The Professor and the Madman-a book review
When was the last time you used a dictionary to look up a word?
Not online.
A hardbound or paperback book that you hold in your hands and in which you turn real paper pages.
Been a while?
It has for me.
Other than using Merriam Webster’s online dictionary, I keep three books on my desk:
- Word Origins and Their Romantic Stories by Wilfred Funk (yes, THE “Funk” of Funk and Wagnalls.)
- Mrs. Byrne’s Dictionary of Unusual, Obscure, and Preposterous Words by J.H. Byrne (a gift from a close friend)
- The Book of Hard Words – Read it, See it, Know it, Use it. by David Bramwell
What was the last murder mystery you read?
Would it live up to this description, “…the linguistic detective story of the decade?” That’s how New York Times Magazine writer, William Safire described, The Professor and the Madman by Simon Winchester.
Did you ever wonder how, and by whom dictionaries were written?

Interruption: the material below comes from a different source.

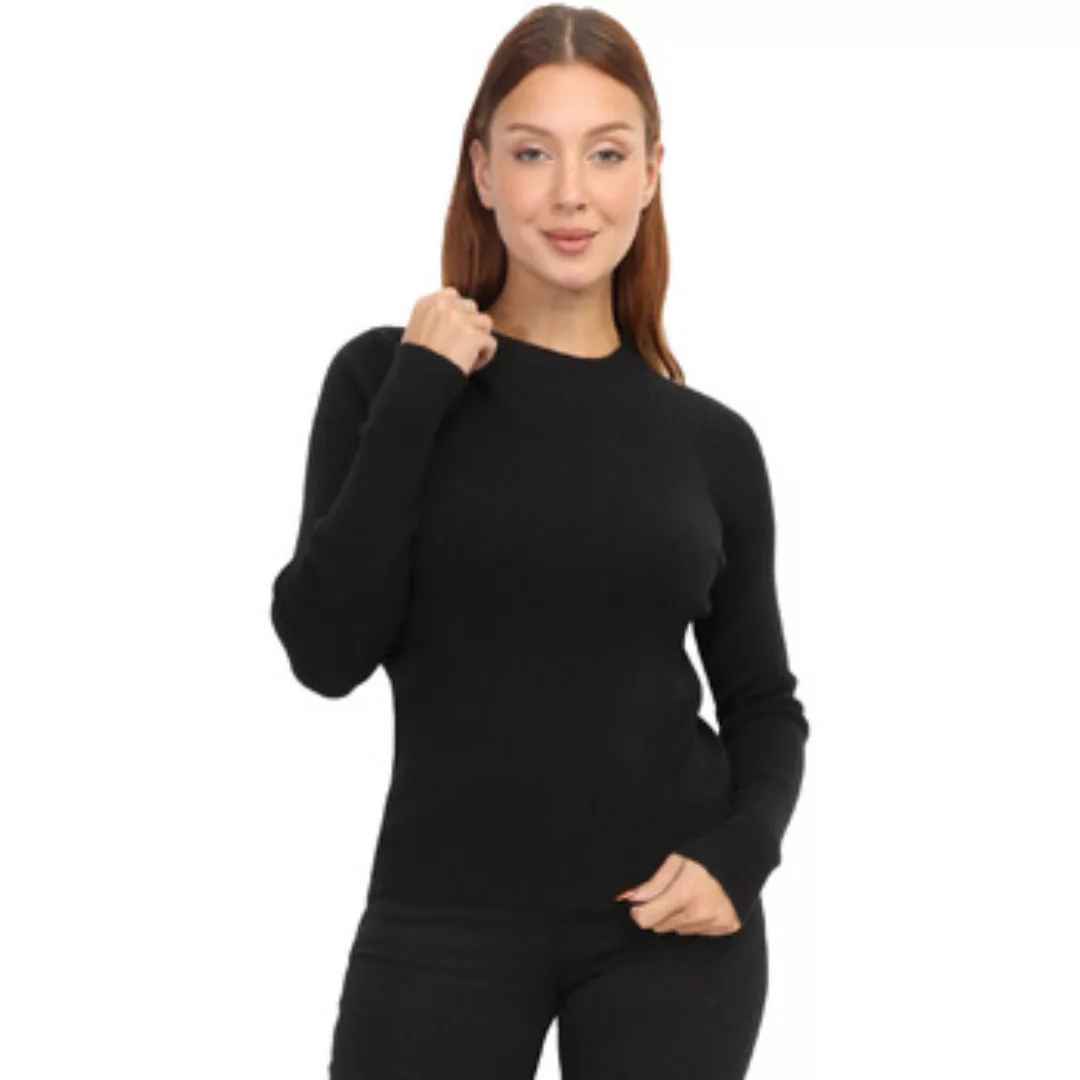 La Modeuse  Pullover 68934_P160808 günstig online kaufen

The Oxford English Dictionary is perhaps the most famous of them all. For many, it is the gold standard. (It certainly is for lexicographers and members of the London Philological Society.) We would have never expected it to have been the product of mad dogs and Americans. Yes, an American madman played a significant role in creating the OED. These days, most Americans would define a madman as one who voted for the OTHER candidate. Things were a bit different in 1871 London, and the States were still rebounding from their brush with being dis-united.
The story involves two protagonists eponymously referred to in the title. In a manner of speaking, there is also a third man–not Orson Welles’ Harry Lime.

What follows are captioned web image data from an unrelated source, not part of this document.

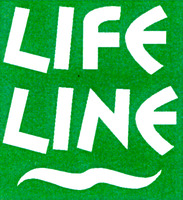 LIFE LINE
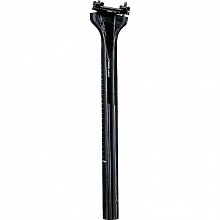 Подседельный штырь FSA K-Force Lite Carbon SB0 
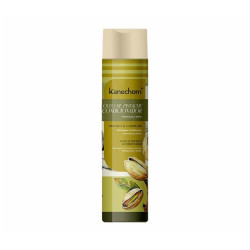 Kanechom Spülung Pistazienöl Conditioner (300ml)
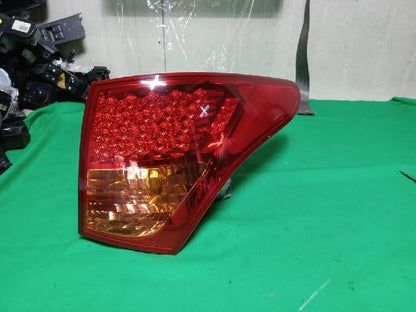 2010 Hyundai ix55 Veracruz Rear,Right LED TailLight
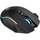 Maus Defender 52213 me kabllo, optik, i zi
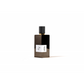 COCKTAIL APPALACHES - L'ORCHESTRE PARFUM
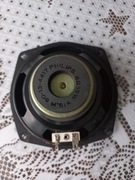 Głośnik Philips 15 W 6 omów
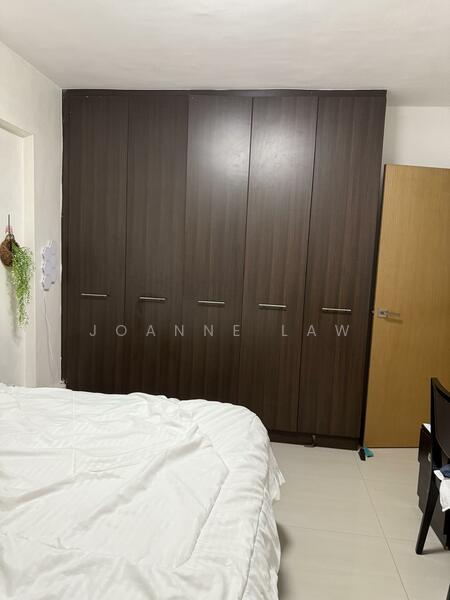 306B Anchorvale Link HDB Flat For Sale at S$ 888,000 | PropertyGuru Singapore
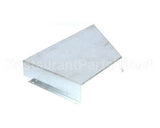 NGC-1082 Turbochef Cover, Cooling Fan, Tornado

Winchester treats readers to a sampling from the OED with a definition at the beginning of each chapter. The Preface is prefaced with the word, “mysterious,” and Chapter One begins with, “murder.”
And murder is where one of the two stories begins.

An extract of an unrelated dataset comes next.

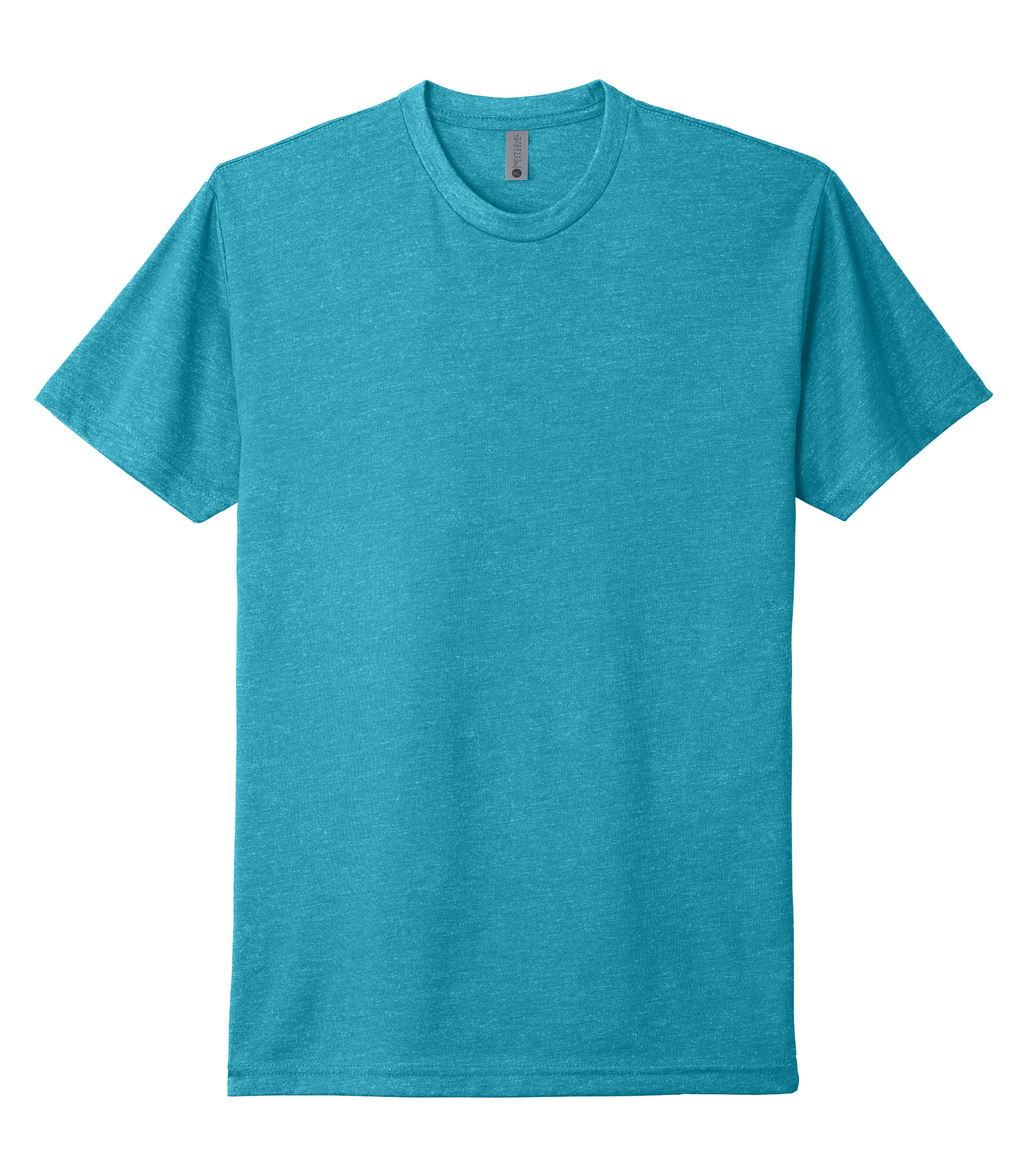 Next Level Apparel® Poly/Cotton Blend 6210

Dr. W. C. Minor was a battlefield surgeon (a Yankee) in the War Between the States. As a result of his experiences in the war, he apparently suffered from what we know today as post traumatic stress disorder, a term likely not found in the first edition of the OED. In retrospect, researchers today speculate that his PTSD hastened, or perhaps even was responsible for a posthumous diagnosis of bipolar disorder. His untreated illness referred to in Victorian England as, “madness,” combined with a deep seated racism for the Irish. It eventually led to his choice of victims and the perpetuation of a crime that would result in his availability to volunteer an unlimited amount of his time to the research required to help write a literary masterpiece.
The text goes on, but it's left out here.